This is where Lloyd died. His date of death is recorded as “22nd March 1918, presumed on or since” in his military record. The two documents below are distinct in our collection of letters for being typed and formal. The first document is not a letter at all; it is account of the battle. Was it given to my Grandfather or did he type it up himself, copied from a newspaper perhaps? The yellowed paper is coarse and friable and initially I assumed it to be of poor quality. I forget that this is a document of considerable age – held up to my computer screen a watermark shines through, a trade name in Gothic print that I cannot identify. The darkened top half of the paper indicates that it lay exposed to sunlight, or tobacco smoke (or both) for years, with lighter areas revealing the outlines of other discarded documents placed on top. I fancy the account was not read much, but neither was it thrown into the fire because of the trouble taken to type it all out.

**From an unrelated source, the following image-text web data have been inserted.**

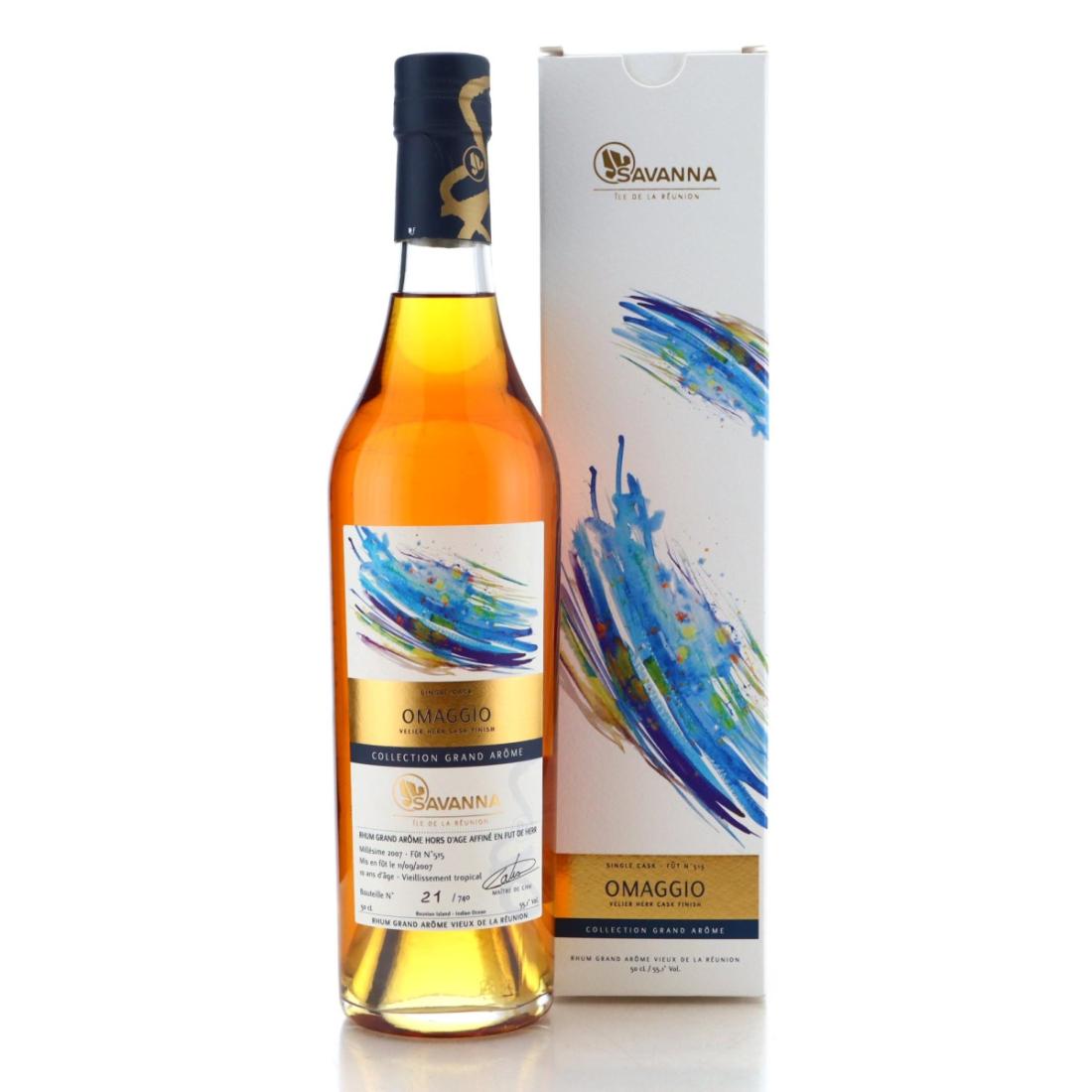 Image for Savanna 2007 Omaggio Collection Grand Arôme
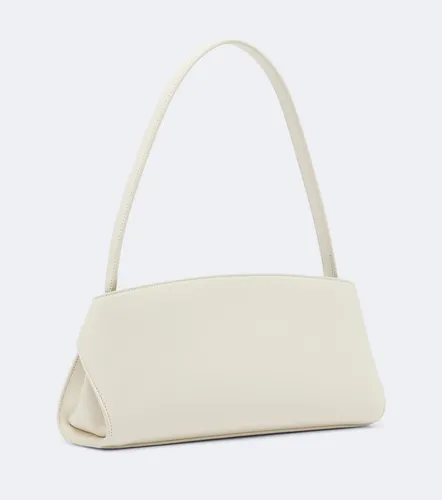 Hug Small leather shoulder bag - Ferragamo - Modalova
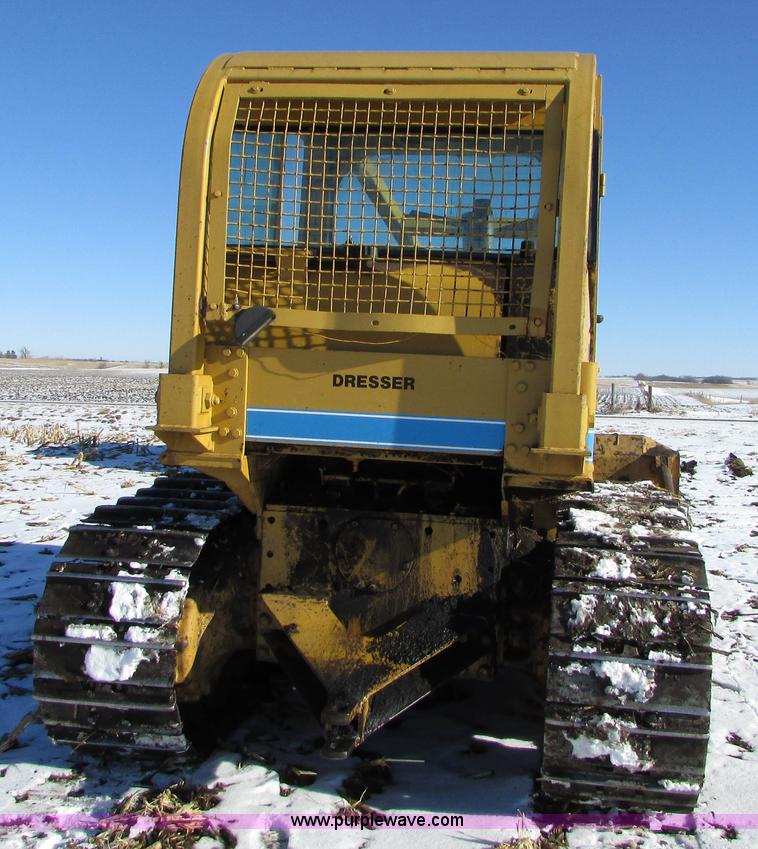 image for item I6677 Dresser TD15C dozer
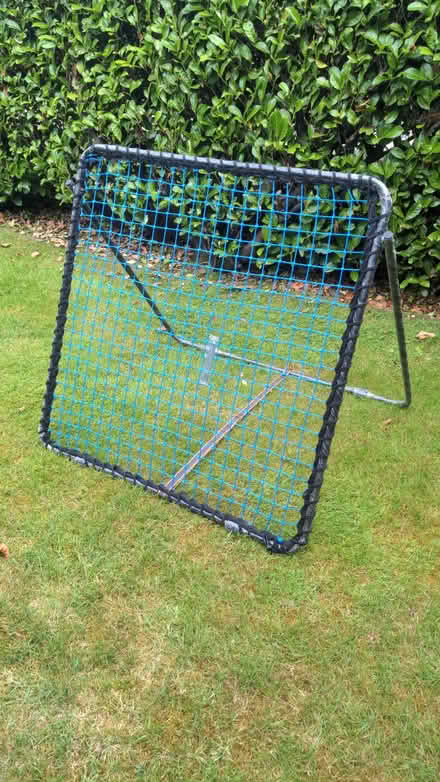 Photo of free Cricket rebound catching net (South Tonbridge TN9) #1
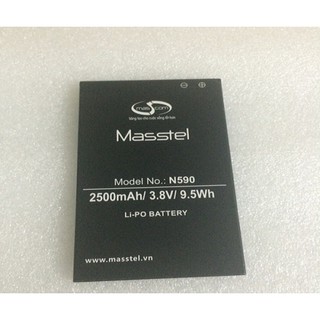 Pin Điện Thoại Masstel N590
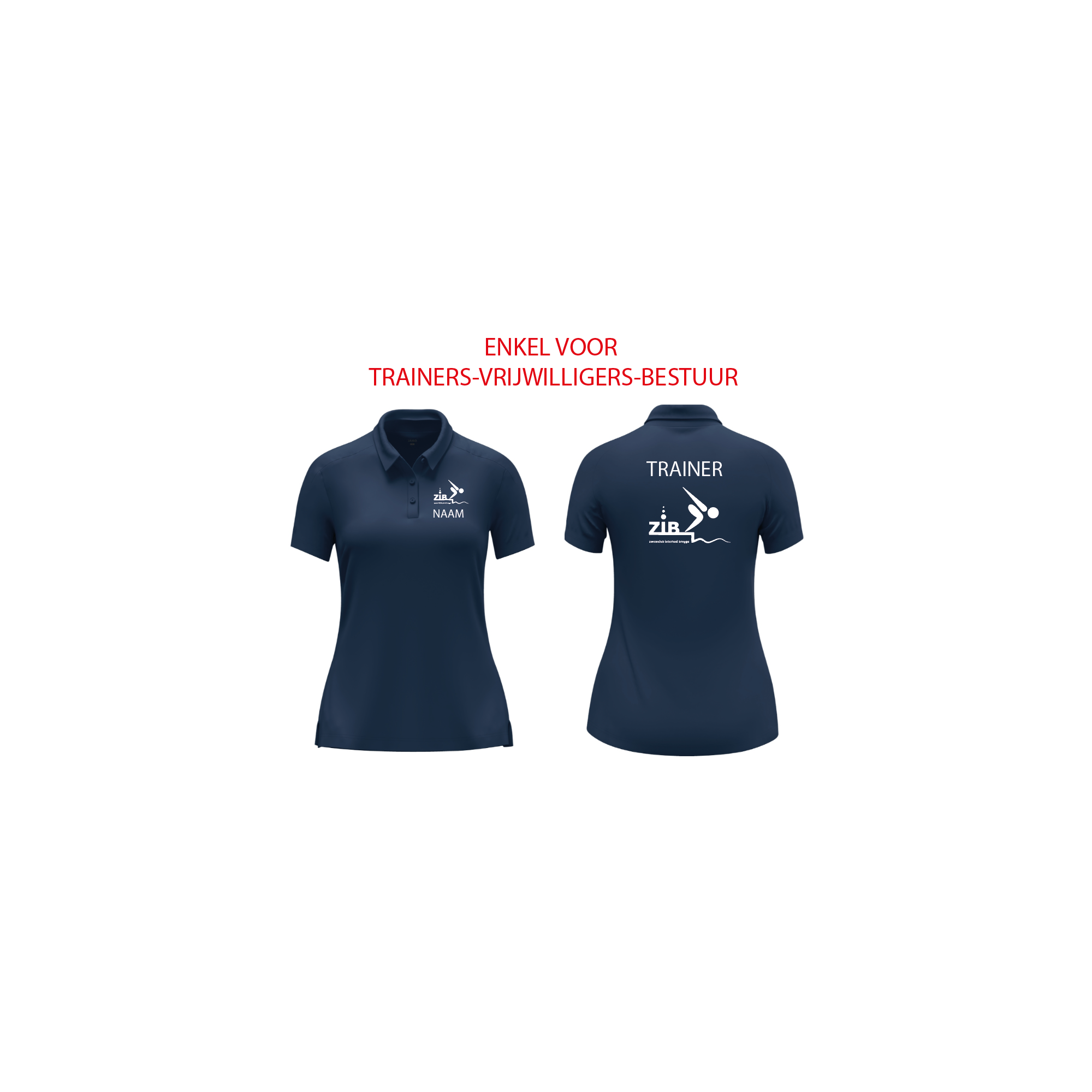 Jako Uni DAMES polo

We have no official record of Lloyd’s death but the second letter seems to answer an enquiry of Grandfather’s as to where Private W.J. Lloyd Mabey was laid to rest. Lloyd was killed on a day when the battalion is recorded as losing 150 soldiers (and 4 officers), these heavy losses sustained whilst in retreat.
“The efforts and sacrifice of the battalion contributed to the delay in the enemy’s advance, which was one of the main causes of his ultimate failure.”